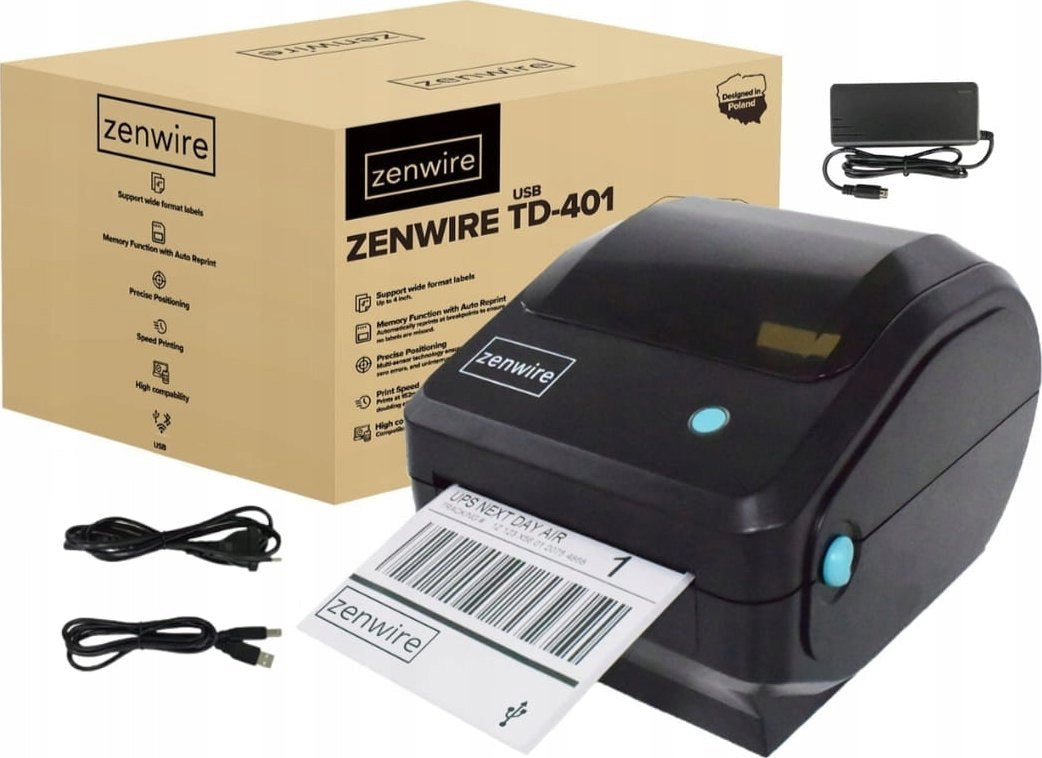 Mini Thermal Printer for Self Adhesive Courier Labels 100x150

------------------------------------------------------------

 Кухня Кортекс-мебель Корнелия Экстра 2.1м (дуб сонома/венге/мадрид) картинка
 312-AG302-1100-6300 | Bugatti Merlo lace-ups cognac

------------------------------------------------------------

Out of the data above, give again only the lines starting at the one holding "Кухня Кортекс-мебель Корнелия" and ending at the one holding "312-AG302-1100-6300 | Bugatti", unchanged.

* [The completed task]:
 Кухня Кортекс-мебель Корнелия Экстра 2.1м (дуб сонома/венге/мадрид) картинка
 312-AG302-1100-6300 | Bugatti Merlo lace-ups cognac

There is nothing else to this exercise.